Throughout the summer of 1771, Bethune and Prince ran an advertisement for “IRISH LINNENS” in the Massachusetts Gazette and Boston Post-Boy. Like most other advertisements in eighteenth-century newspapers, it consisted entirely of text, but it differed in appearance from most other notices concerning commodities for sale. Rather than goods listed in dense paragraphs of text, Bethune and Prince’s advertisement featured innovative graphic design that both organized the merchandise for readers and made the notice distinctive.
The “IRISH LINNENS” available at Bethune and Prince’s store on King Street included shirting, diapers, and sheeting. Each of those categories appeared in font that rivaled the size of the headline. Descriptions, in font the size that matched the text in the body of other advertisements on the same page, appeared to the right of each category of linen. For instance, “Shirting” ran in larger font justified to the left margin with “3-4ths, 7-8th and yard wide” in smaller font on two lines to the right. Similarly, “Diapers” appeared in larger font on the left and “for clouting, napkins and table cloths” in smaller font on the right.

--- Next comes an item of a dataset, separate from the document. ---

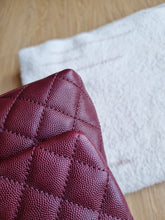 Load image into Gallery viewer, Chanel Burgundy Coco Handle Small Caviar Gold Hw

Bethune and Prince deployed other means of enticing customers. They promoted their “large Assortment” and promised that “Wholesale Customers may be supplied nearly as low as they are bought in England.” Their marketing efforts, however, did not rely solely on those appeals. Instead, their advertisement deployed graphic design to attract attention, increasing the chances that prospective customers would notice the variety of choices and low prices. The unusual format required additional effort on the part of the compositor who set the type, but likely not so much as to increase the price of an advertisement usually determined by the amount of space that it occupied rather the number of words it included. Bethune and Prince likely requested the unique format, but it also may have been the product of a compositor looking to experiment with the design elements of the advertisement.